Besides, like I hinted at earlier, I haven’t been the most stellar mom with these afternoons together. My middle son doesn’t play well by himself; he’s very social. And I am not the kind of mom who plays. I facilitate activities; I do not play with my children. This is why we had siblings and not only-children. So, my five-year-old has become very good at computer games and navigating our kid-friendly Netflix account. Bad mom, bad mom.

On the way to preschool, coming off of winter break, C yelled, “Goodbye Christmas Vacation, hello preschool!” I’m pretty sure his sentiments will be similar this fall when he shouts, “Goodbye Preschool, hello Kindergarten.” And I’ll be shouting right along with him. I just hope I haven’t made the wrong choice and instead of cheating him of his childhood, I’ve cheated him of being with his true friends. Nothing is worse than 12 years of knowing that you’ve been placed with the wrong group of peers.

Monday, February 6, 2012

Loving the New Toys!

I really am. I love the new toys my son got for his 3rd birthday! And I'm starting to think my evil plan of having a February baby is working...in the past I have hated February, this is when winter is getting a bit old for me and I wanted something to spice it up. And his birthday seems to be working: plan a party, have friends over, get some new toys to spice up the playtime etc. Also, I am getting better at spotting and suggesting new toys for birthdays. (It only took me three sons to get this down.)

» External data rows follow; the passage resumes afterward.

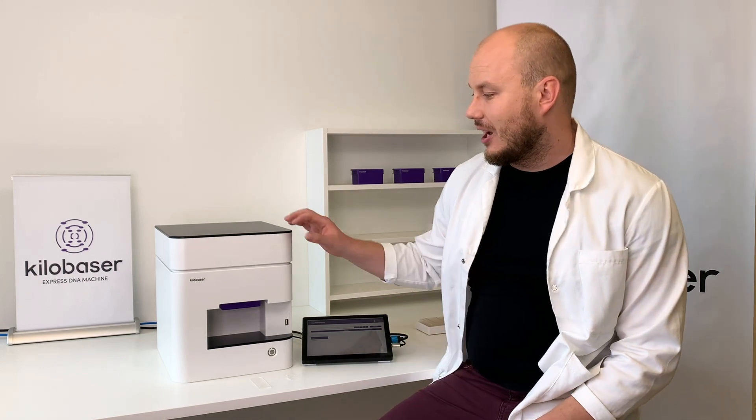Welcome to our first Kilobaser tutorial video. My name is Alex. I'm the CEO of the company Kilobaser, and this is our same-name first product, Kilobaser.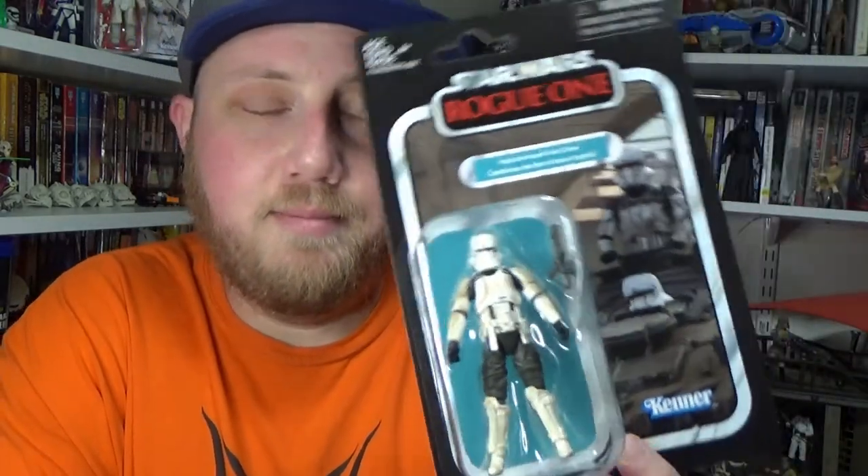Hey Star Wars fans and action figure collectors, welcome back to another video. We've got a vintage collection review coming up — we're taking a look at the Imperial Assault Tank Driver. Big thanks to Only One Kenobi for this one. Really excited to finally open this one up.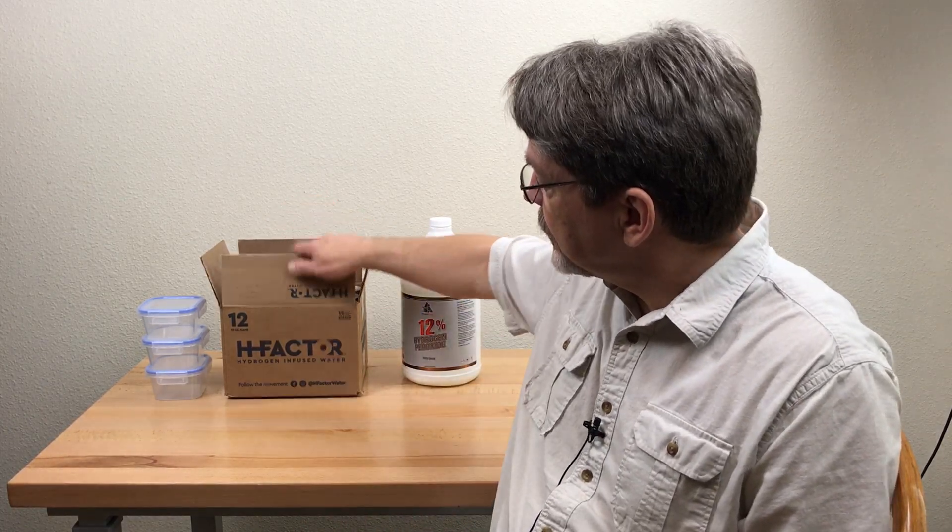That gave me the idea that maybe you could retrobrite plastic by using hydrogen. I thought I'd give it a try. At first I called around to a few welding supply stores to see if I could get some hydrogen gas, but the cost of the hydrogen and the tank rental was more than my curiosity was worth.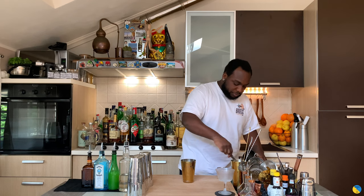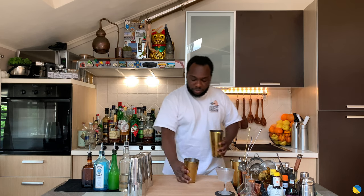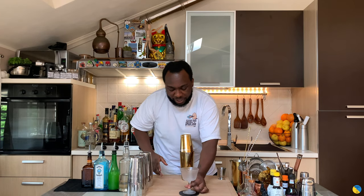I'm going to fill the tin full of ice cubes. I'm going to give it a nice shake and prepare our glass and let's go.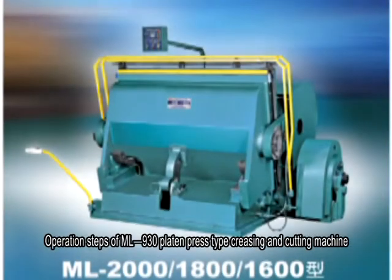Operation Steps of ML930 Plating Press Type Creasing and Cutting Machine.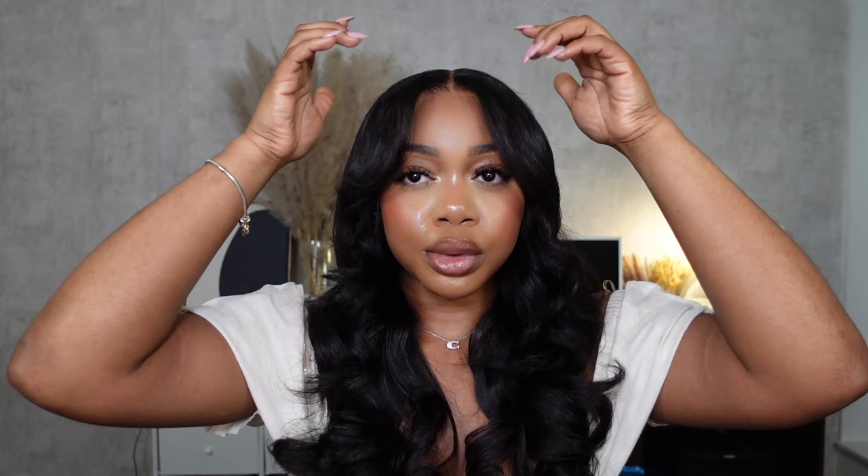That was it for look number one. Funny enough, I was actually going on a date this night when I was filming this, so it was very fitting. Something about this hair is just so soft and feminine, especially with the little short curtain bangs in the front — it just screams 'I'm just a girl.' My date said 'oh my god, your hair looks so cute, you look so pretty,' and I really felt cute and pretty. That's it for look number one — let's get right into look number two.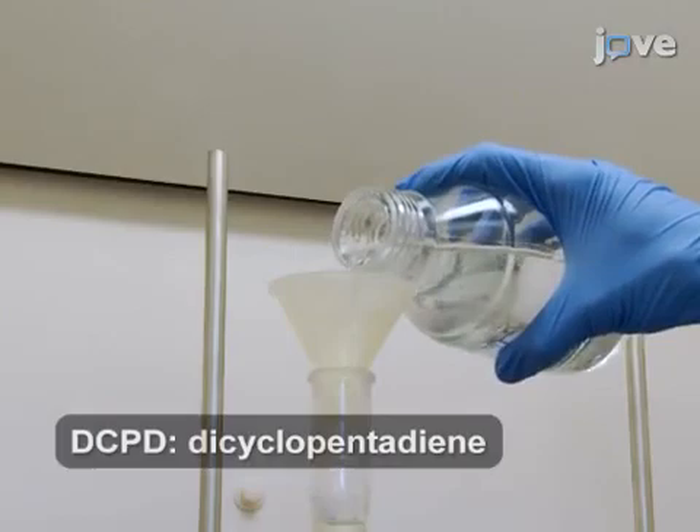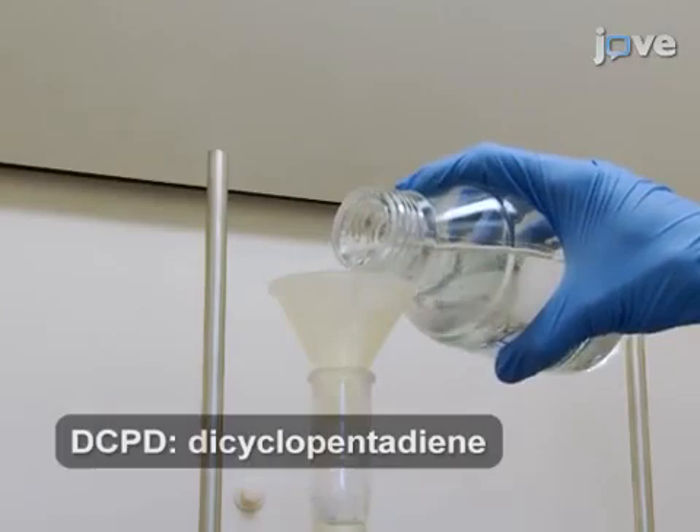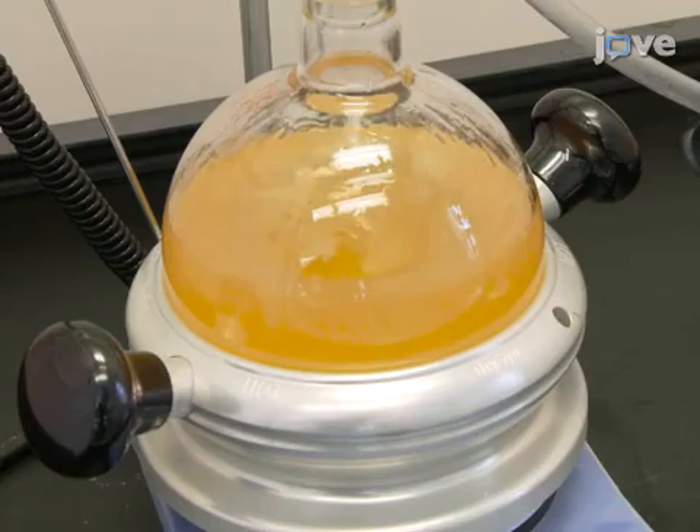Once the refluxing has settled, add 300 grams of DCPD. Then increase the temperature to 170 degrees Celsius for 16 hours. The solution color will change from clear to yellow-brown.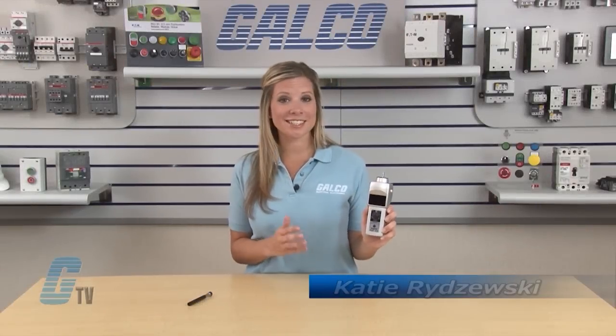Welcome to G-TV! Today I will be showing you the Shimpo DT Series Handheld LED Digital Tachometer.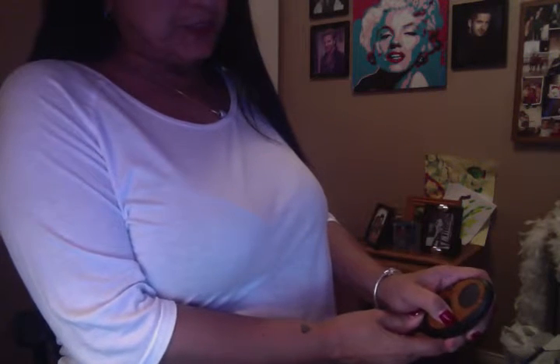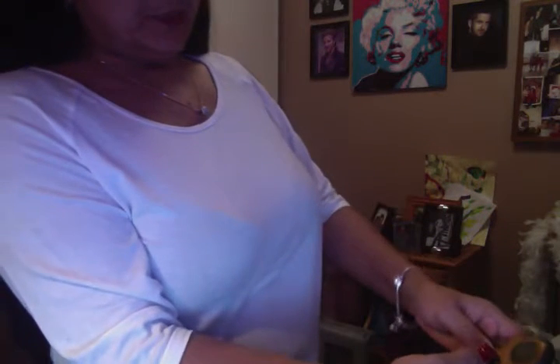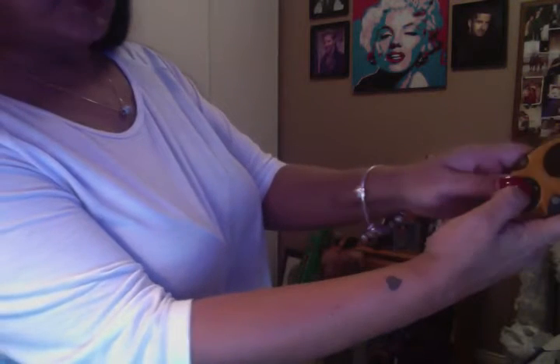you have this gadget here. You hold this button down until it actually comes on. This button here will give you the different intensities. And then these two arrows here — you have to press them one at a time while you have the belt on, and you'll start feeling a tingling. So you set it to however much you can take. Make sure you do it like this so that you're doing it evenly.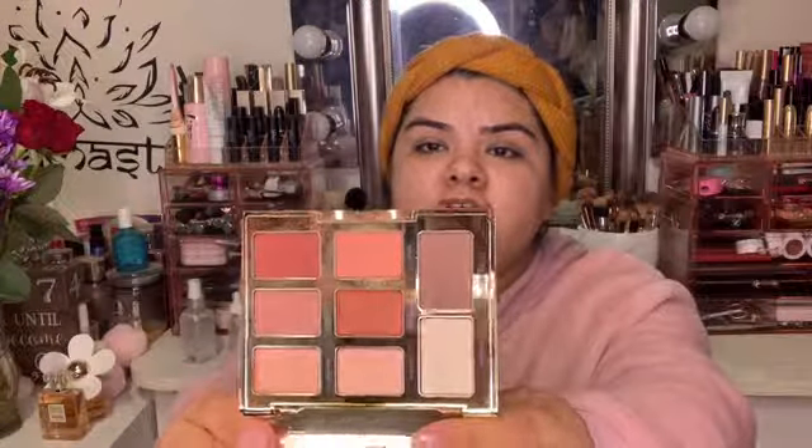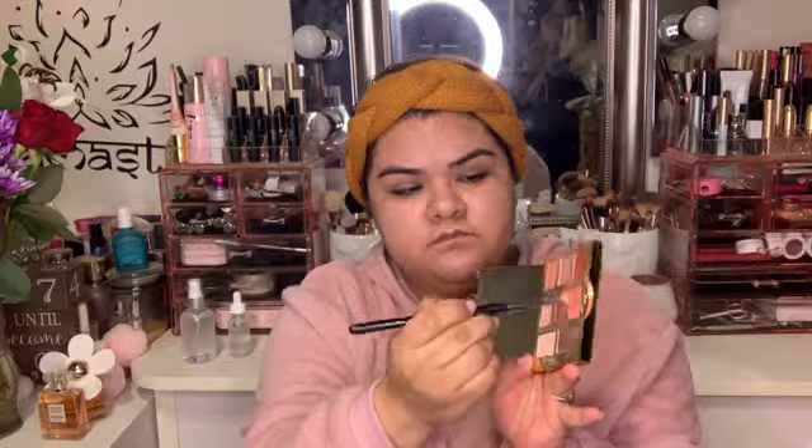Next, I'm going to be priming my eyes with this Too Faced Shadow Entrance. This is what the palette looks like — it's a pretty natural looking palette. And I'm going to start off by grabbing the color Hustle, which is this one right here, and I'm going to be using that as my transition shade.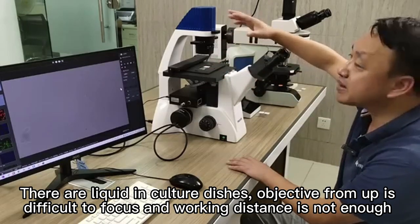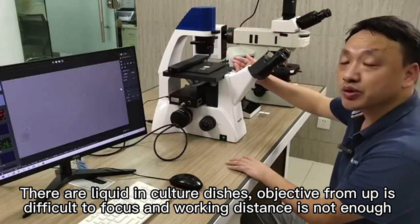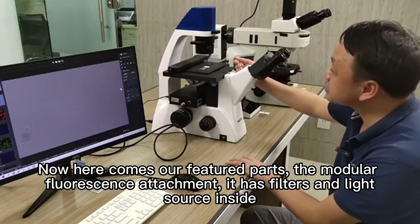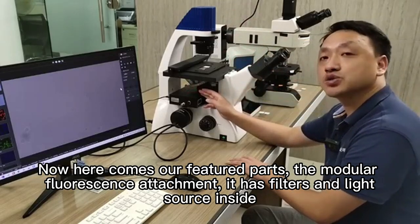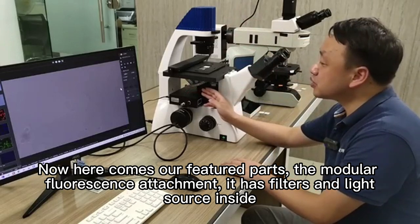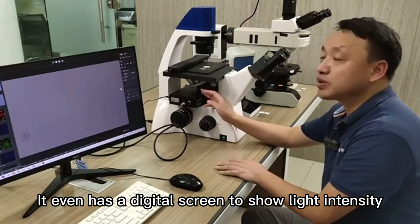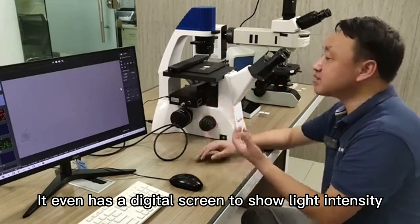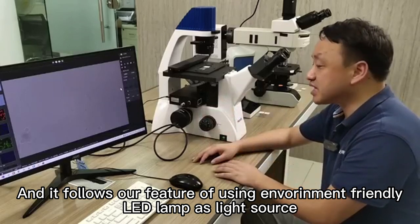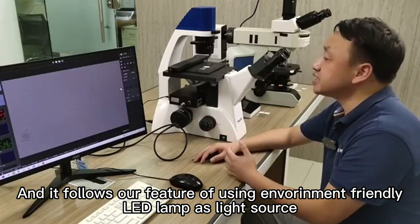With a conventional objective on the nosepiece, it is difficult to focus and working distance is not enough. Now here comes our featured part: the modular fluorescence attachment. It has filters and light source inside, and it even has a digital screen to show light intensity. It also follows our feature of using environment-friendly LED lamps as the light source.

My first happy toy is something called Constructables. A friend spotted this find because she knew how much A likes taking apart and putting things together. This toys is designed just for this. Maybe now he'll stop taking knobs off dressers? Probably not. But he can use these parts to build planes and cars and helicopters.



My second happy toy is a classic box of music and rhythm toys. Not sure why it took me more than seven years of parenting to finally buy this.




My third happy toy is a Stomp Rocket. I think the pictures are convincing enough.




My fourth happy toy is a Water Works Construction Set. All of my boys have loved this and it has cut down on the splashing in the bathtub. You can redesign the water flow system so it helps fuel problem solving and creativity. Remember, the best toys are 90% kid and 10% toy. (No judgement please on the tub. We have a lot of iron in our water.)




He got some other great things: Bigsby Books, Beyblades (Yes, and even girls like these.), backpack...we did good. If you have a little three-year-old boy to buy for you can't go wrong with any of these suggestions and they are all, happily, under 20 dollars.

Oh, and the interactive Thomas the Train card from Grammy was well loved.